1. Remember to check the Simple Questions/Simple Answers , Suggestions , Bug Reports and Technical Support threads before posting. If you have something that warrants extended discussion then post a thread, but when in doubt, please use an already existing thread
  2. The moderators of this forum are the PS! Leaders (&) and Admins (~).
  3. Welcome to Smogon Forums! Please take a minute to read the rules.
  4. Click here to ensure that you never miss a new SmogonU video upload!

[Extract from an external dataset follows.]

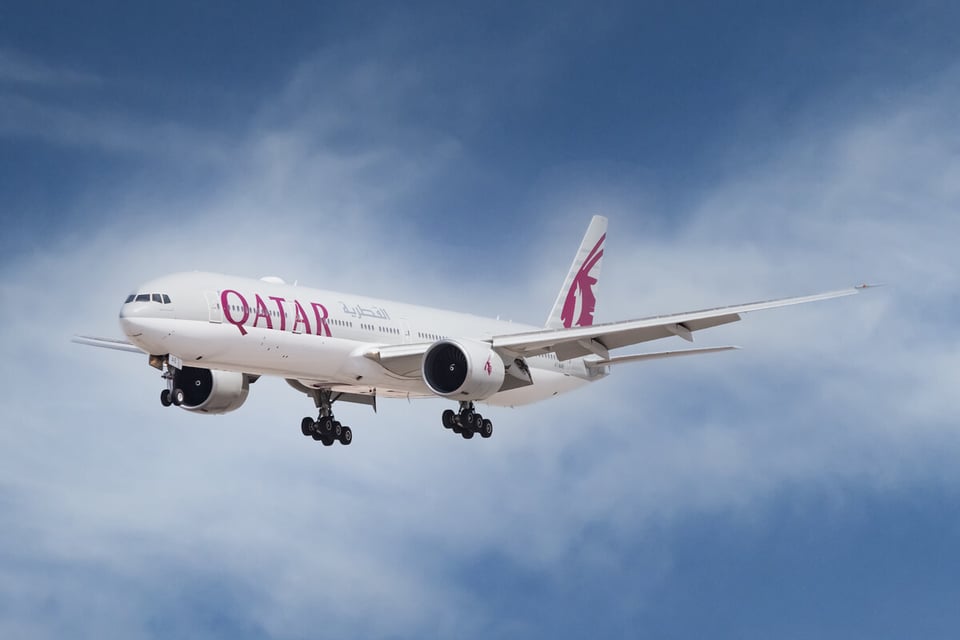 Qatar Airways launches world’s first Boeing 777 Starlink-equipped flight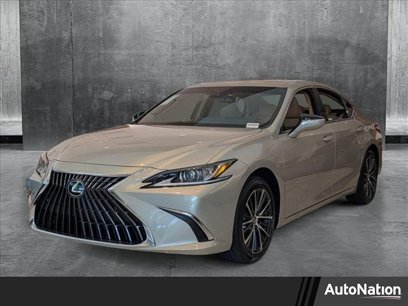 New 2025 Lexus ES 350 w/ Premium Package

Don't panic: PS ratings have simply been rescaled

Discussion in 'Pokémon Showdown!' started by Antar, Jan 15, 2014.

  1. Antar

    Antar
    is a Battle Server Administratoris a Programmeris a Super Moderatoris a Community Contributor
    Official Data Miner

    Joined:
    Feb 17, 2010
    Messages:
    3,879
    Those of you who have already logged onto PS this morning might have noticed something new. On the ladder, players are ranked not by ACRE but by Elo rating.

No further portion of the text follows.